» DIRECTIONS FOR THIS TASK:
For each record below, set it down exactly but leave out any picture.

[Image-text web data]
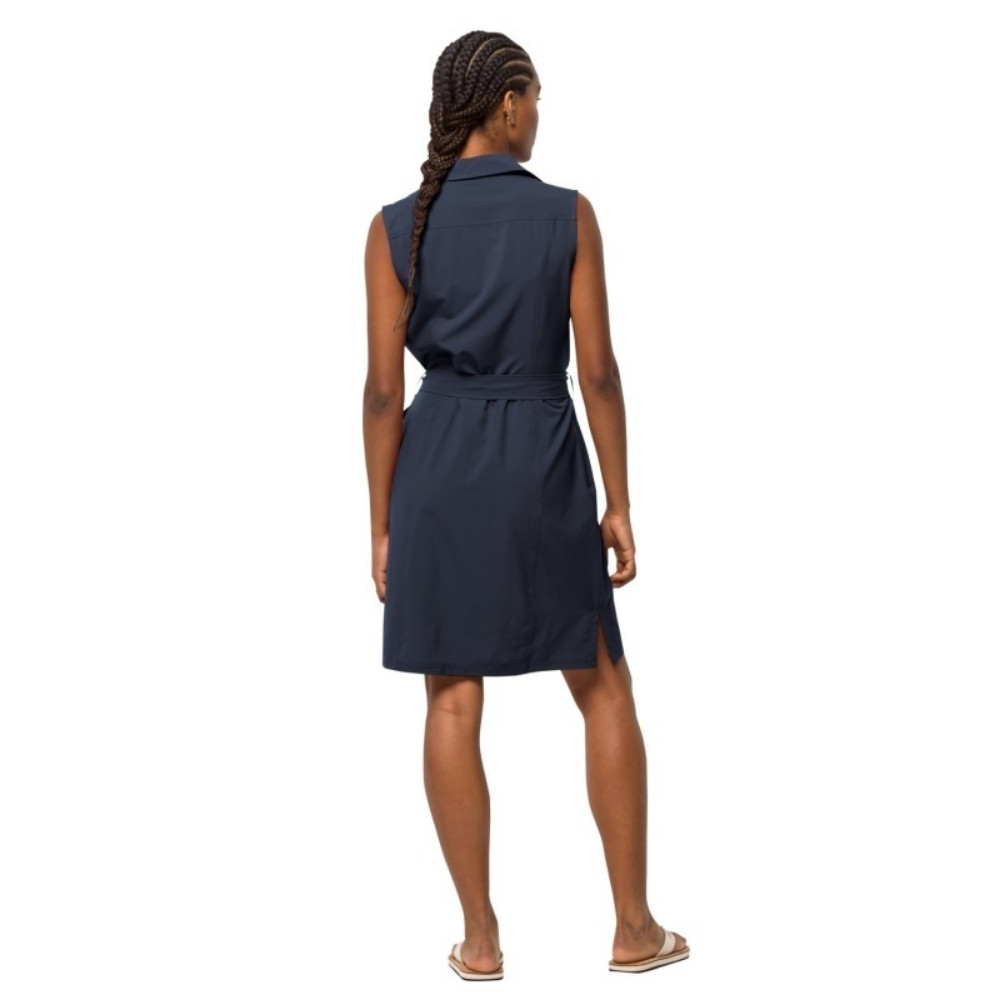 Сукня жіноча Jack Wolfskin SONORA DRESS 1503994_1010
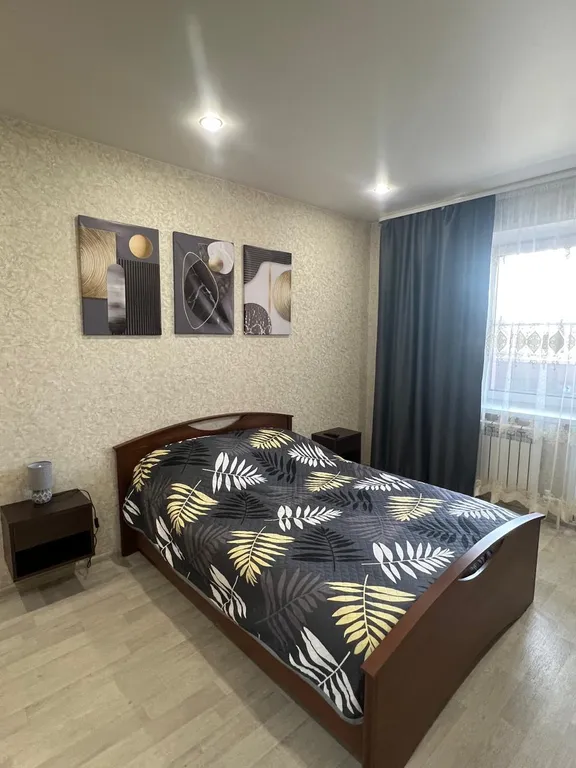 Квартира Уютная квартира в центре — Ярославль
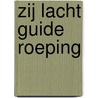 Zij lacht guide Roeping door Mandy Wittekoek-den Dekker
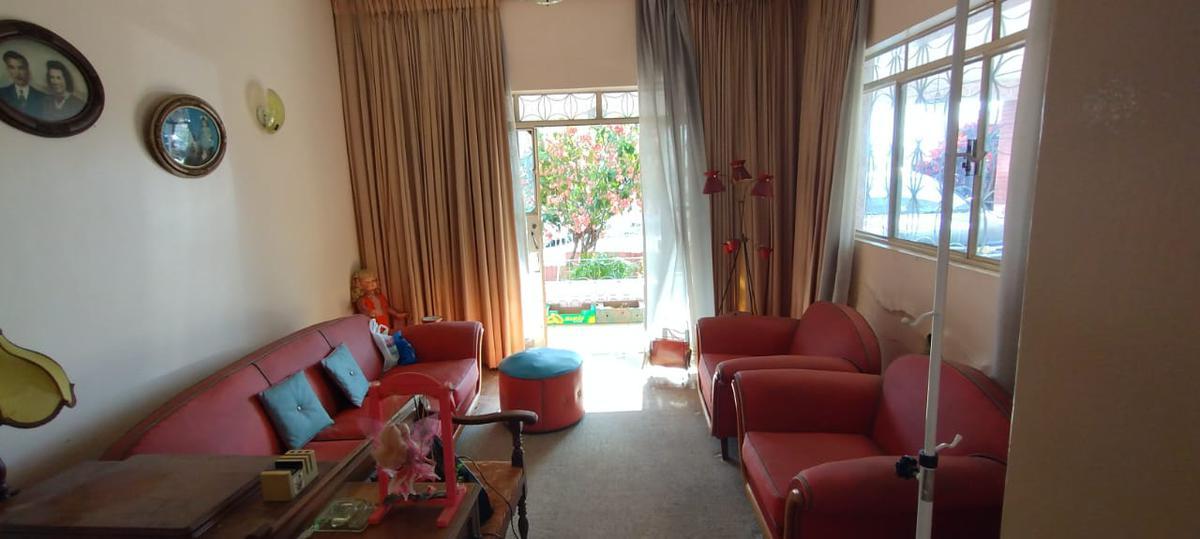 Casa, Renascença, 6 Quartos, 3 Vagas, 1 Suíte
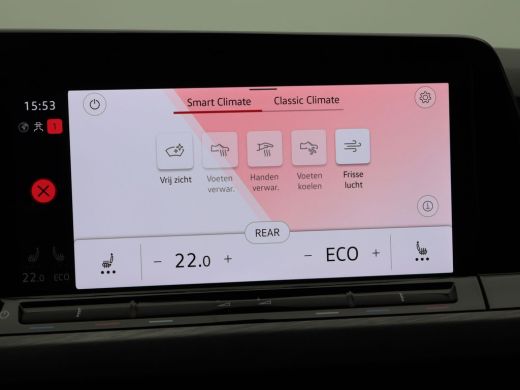 Volkswagen Golf 1.4 204 Pk Automaat eHybrid Style | Adaptive Cruise | Climate Control | Stoelverwarming | Navigat... ActivLease financial lease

» TASK RESULT:
 Сукня жіноча Jack Wolfskin SONORA DRESS 1503994_1010
 Квартира Уютная квартира в центре — Ярославль
 Zij lacht guide Roeping door Mandy Wittekoek-den Dekker
 Casa, Renascença, 6 Quartos, 3 Vagas, 1 Suíte
 Volkswagen Golf 1.4 204 Pk Automaat eHybrid Style | Adaptive Cruise | Climate Control | Stoelverwarming | Navigat... ActivLease financial lease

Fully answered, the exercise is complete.